Avvenire, 19 ottobre 2024
In calo i genitori che raccontano favole
Dedicato a tutti quelli che i sogni non riescono mai a ricordarli. Anche perché da quando il futuro non è un’opportunità, ma sembra soprattutto una minaccia, sognare è diventato più difficile.
Ciò che manca è l’ossigeno per raccontarli i sogni, persino a noi stessi. Anzi, per dormire meglio magari ci si augura di non sognare affatto. Una volta c’erano le favole al posto del Tavor: erano l’aperitivo dei sogni. Oggi invece riuscire a raccontare una storia a un bambino per indurlo al sonno sognante significa avere davvero un conato di ottimismo. Con il rischio, tra l’altro, che sia lui a spiegarti come va a finire. Perché da sempre, le favole non dicono ai bambini che i draghi esistono.
Quello i bambini lo sanno già. Le favole invece dicono ai bambini che i draghi possono essere sconfitti.
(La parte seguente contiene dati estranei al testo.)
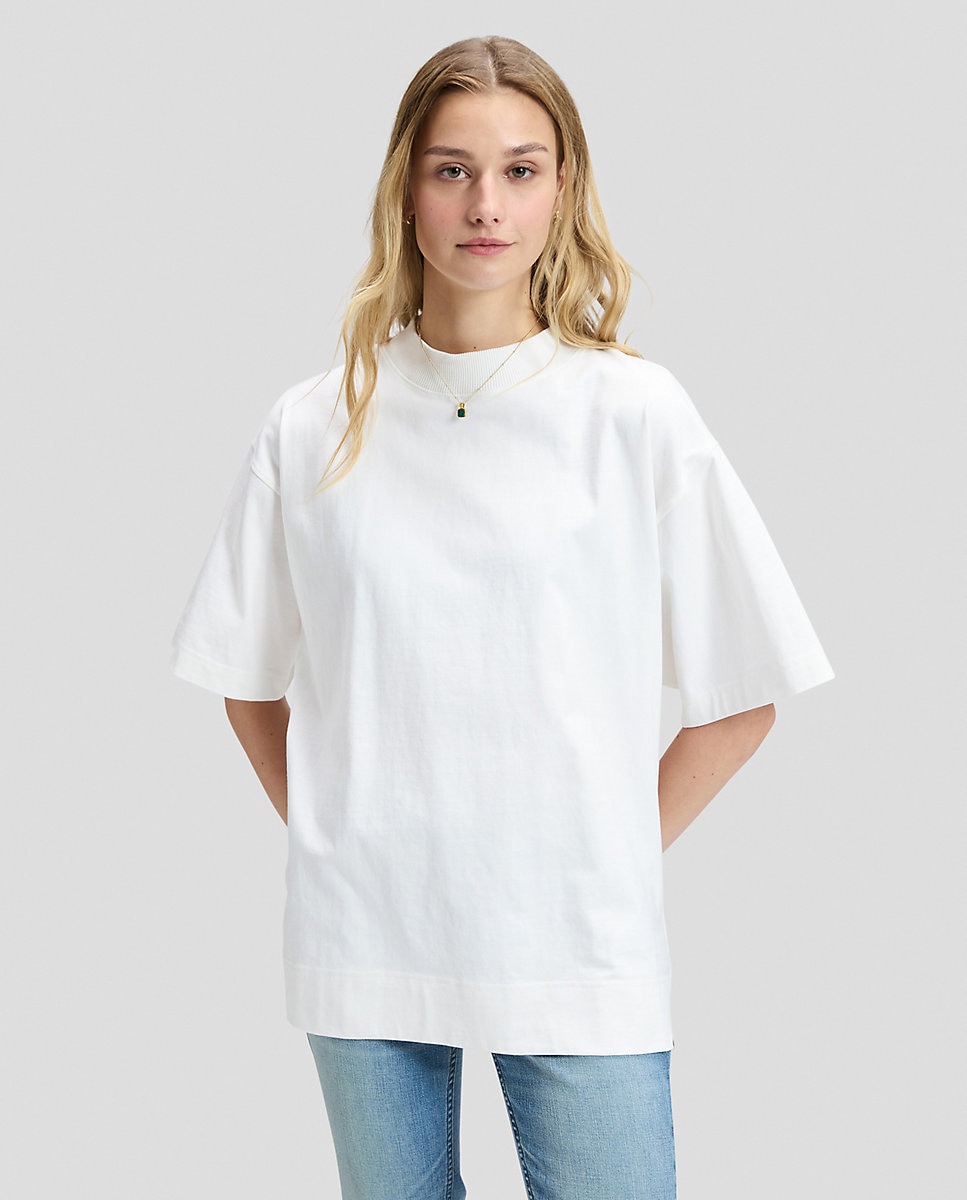 Camiseta de mujer de corte cuadrado, cuello acanalado grueso y mangas anchas - Lee - Blanco Blanco-1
Lo sosteneva G.K.
Chesterton, uno che faceva lo scrittore e che con le storie ci mangiava, ma è profondamente vero. Secondo una ricerca inglese ormai solo il 16% dei bambini sotto gli otto anni si addormenta al suono di una storia raccontata dai genitori.
Dieci anni fa erano ancora il 30%, trent’anni fa il 75%.
Conseguenza inesorabile è che la prossima generazione avrà un’infanzia senza favole. E con pochi sogni. E la cosa peggiore è che non sapranno mai cosa si sono persi.